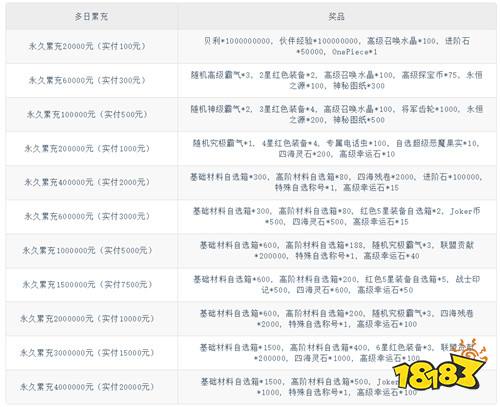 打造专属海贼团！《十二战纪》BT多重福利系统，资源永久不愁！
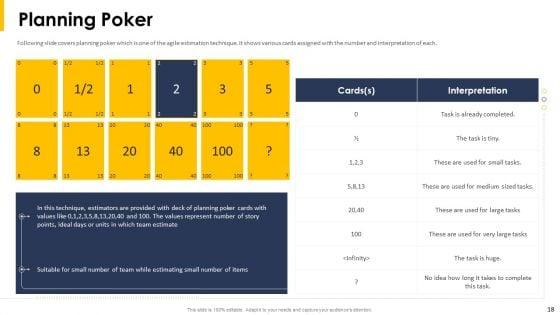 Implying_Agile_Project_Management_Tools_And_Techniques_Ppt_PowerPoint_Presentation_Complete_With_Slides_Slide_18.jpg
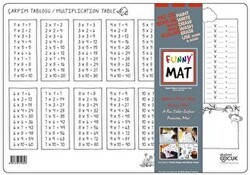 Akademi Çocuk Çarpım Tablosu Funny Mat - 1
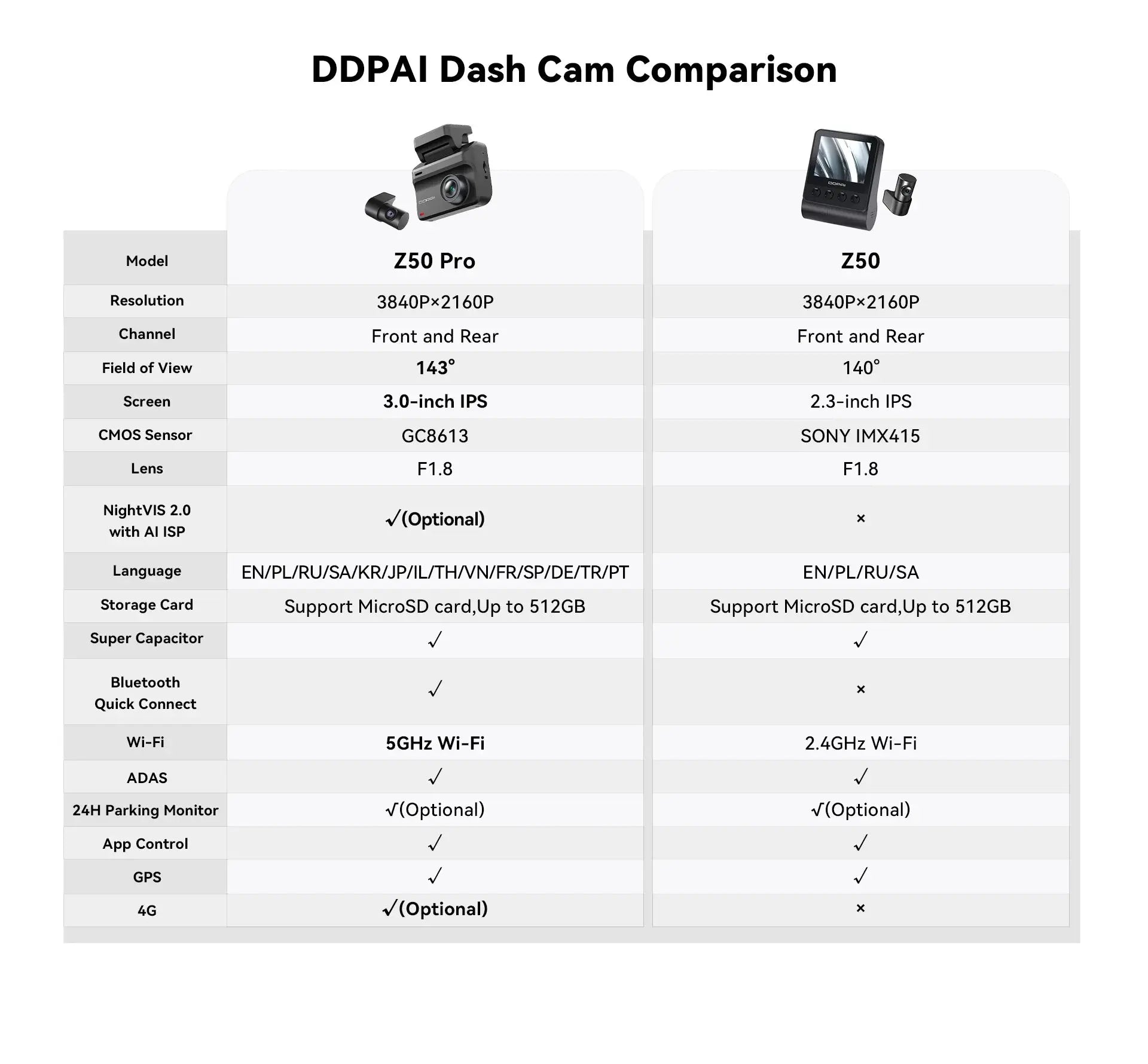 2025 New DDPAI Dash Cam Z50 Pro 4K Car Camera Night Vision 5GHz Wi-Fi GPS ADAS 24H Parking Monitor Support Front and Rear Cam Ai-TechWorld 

§

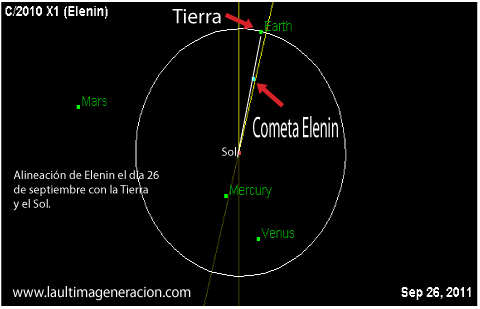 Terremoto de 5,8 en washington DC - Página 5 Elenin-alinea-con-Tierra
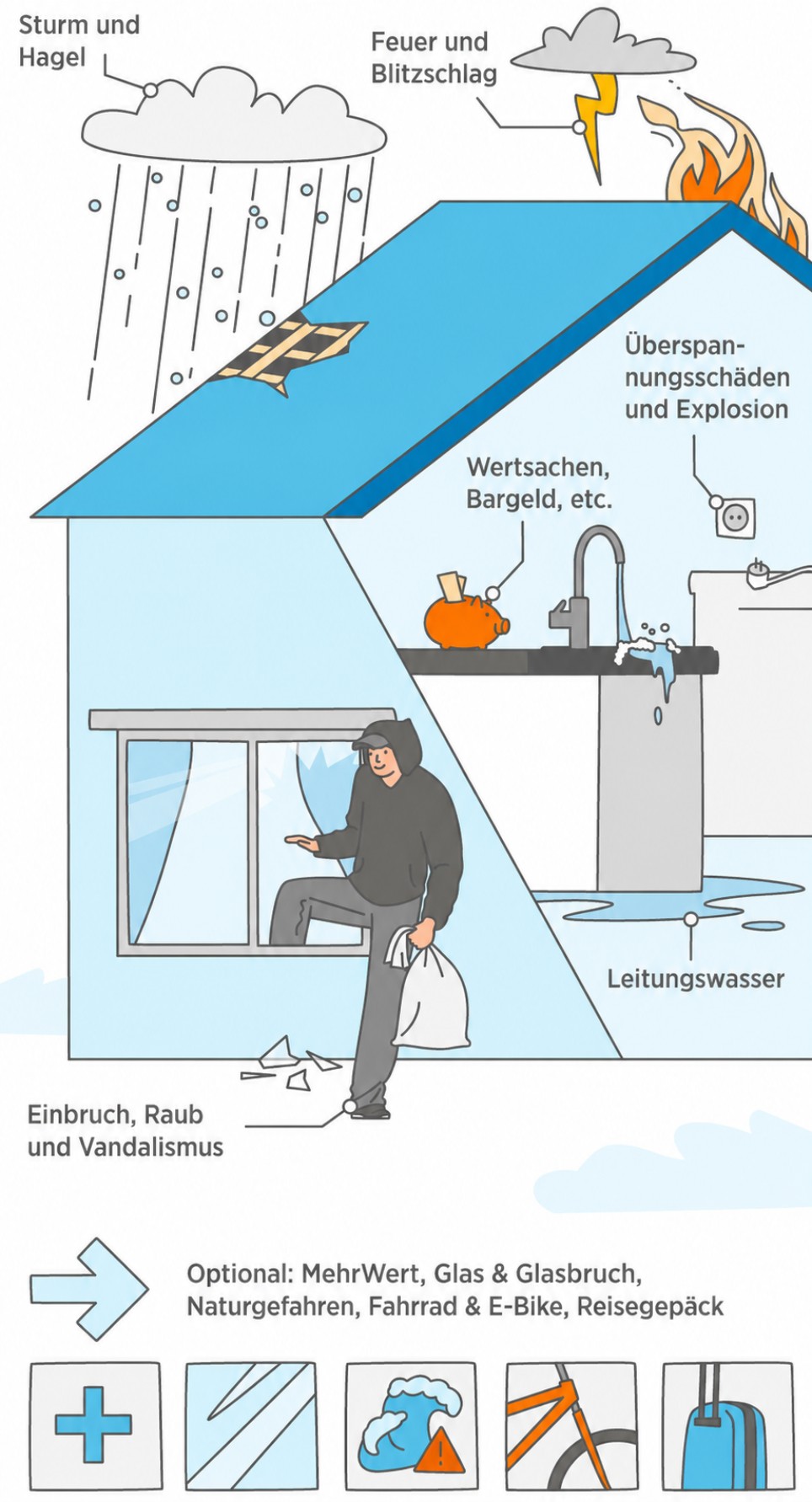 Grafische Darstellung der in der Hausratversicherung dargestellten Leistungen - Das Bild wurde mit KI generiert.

§

WHAT TO DO →
Could you output exactly the lines above, from the line with "打造专属海贼团！《十二战纪》BT多重福利系统，资源永久不愁！" up to and including the line with "2025 New DDPAI", and nothing else, skipping the pictures?

ANSWER SPACE →
 打造专属海贼团！《十二战纪》BT多重福利系统，资源永久不愁！
 Implying_Agile_Project_Management_Tools_And_Techniques_Ppt_PowerPoint_Presentation_Complete_With_Slides_Slide_18.jpg
 Akademi Çocuk Çarpım Tablosu Funny Mat - 1
 2025 New DDPAI Dash Cam Z50 Pro 4K Car Camera Night Vision 5GHz Wi-Fi GPS ADAS 24H Parking Monitor Support Front and Rear Cam Ai-TechWorld 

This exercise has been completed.